The Schering-Plough deal brought New Merck one or two smallish positive surprises — but it also delivered more than its share of disappointing drug candidates. [Think here of Vorapaxar, Asenapine, Vicriviroc and Bridion — to name just a few.]
So, with the slightly-surprising performance of Victrellis in the Hep C space (slowly catching up with Vertex’s Incivek), it makes sense for New Merck to try to monetize some of the second fiddles Schering-Plough held, in the next-gen Hep C space. Yesterday, New Merck did just that — and avoided additional R&D cash burn to boot.
From the Microbiotix press release, then:
. . . .Microbiotix gains worldwide rights to develop, manufacture and commercialize MBX-700 and MBX-701 (formerly SCH 900942 and SCH 900188), two non-nucleoside inhibitors of the hepatitis C virus NS5B polymerase.
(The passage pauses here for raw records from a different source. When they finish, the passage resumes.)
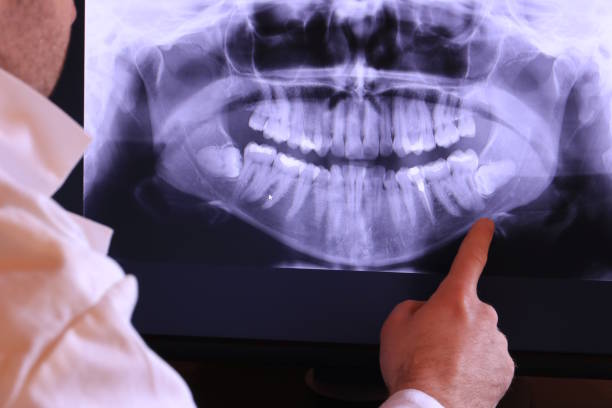 Best Emergency Gum Pain Relief  in Dermott, AR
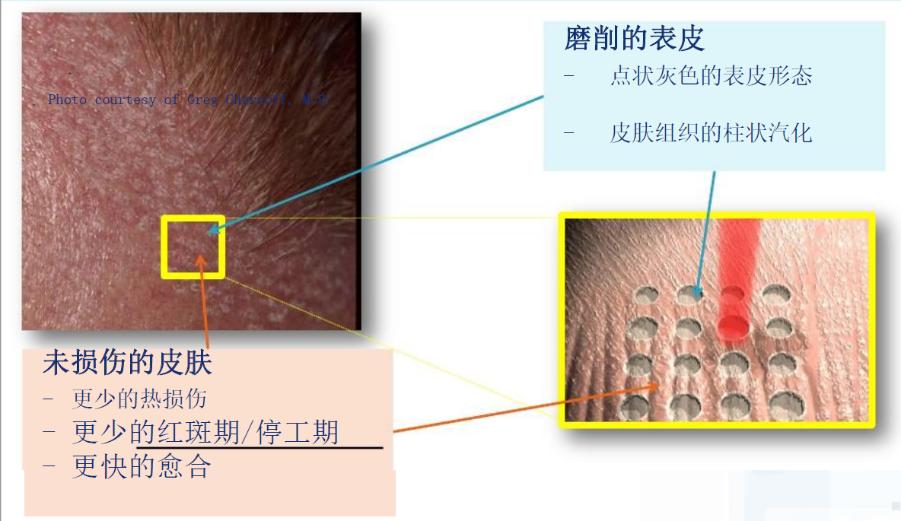点阵激光的终极效果,超脉冲co2点阵激光效果好吗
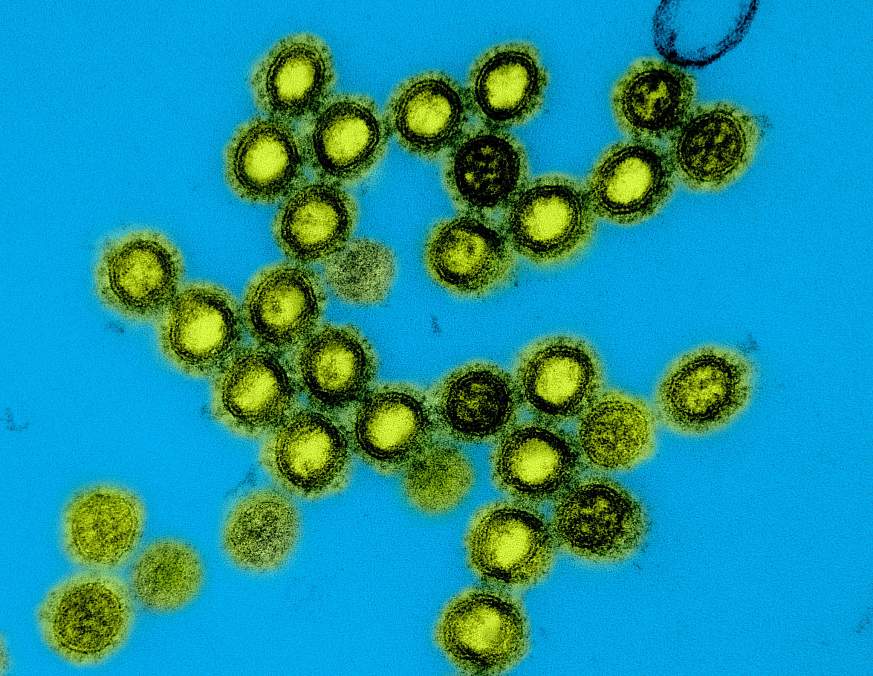 Colorized transmission electron micrograph of influenza A/H1N1 virus particles. Colorized transmission electron micrograph of influenza A/H1N1 virus particles.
MBX-700 is in Phase I clinical testing and MBX-701 is currently in preclinical development.
Merck is eligible for milestone payments during development stages of the candidates, and for royalty payments from any resulting products. Specific terms of the agreement were not disclosed. MBX-700 and MBX-701 are designed to inhibit the replication of the hepatitis C virus by acting on the NS5B polymerase, a clinically validated target that is essential for viral genome replication. In vitro studies have shown MBX-700 to be among the most potent HCV NS5B polymerase inhibitors. . . .
This is a smart move for New Merck — as it already has several more promising on-market, and in-trials candidates, underway in the Hep C space.
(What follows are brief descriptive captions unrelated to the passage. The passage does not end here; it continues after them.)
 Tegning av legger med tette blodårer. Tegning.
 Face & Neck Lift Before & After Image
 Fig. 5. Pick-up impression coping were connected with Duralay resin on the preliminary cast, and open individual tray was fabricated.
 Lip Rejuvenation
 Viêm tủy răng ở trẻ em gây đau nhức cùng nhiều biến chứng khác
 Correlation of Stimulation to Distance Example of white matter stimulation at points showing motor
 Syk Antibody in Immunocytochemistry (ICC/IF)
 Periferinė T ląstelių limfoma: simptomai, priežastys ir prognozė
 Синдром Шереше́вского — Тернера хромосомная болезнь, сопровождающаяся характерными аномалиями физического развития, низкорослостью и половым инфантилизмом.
And, if Whitehouse Station turns out to be wrong about these legacy Schering-Plough polymerase inhibitors (for Hep C inhibition), New Merck will still get a share of the revenue, while having avoided perhaps $100 million in cash research, development and clinical trials costs — to find out what they actually can do.
This sort of deal is exactly what Mr. Frazier meant — speaking at Goldman Sachs yesterday — would be his signature: thoughtful in- and out-licensing. Well-played, sir.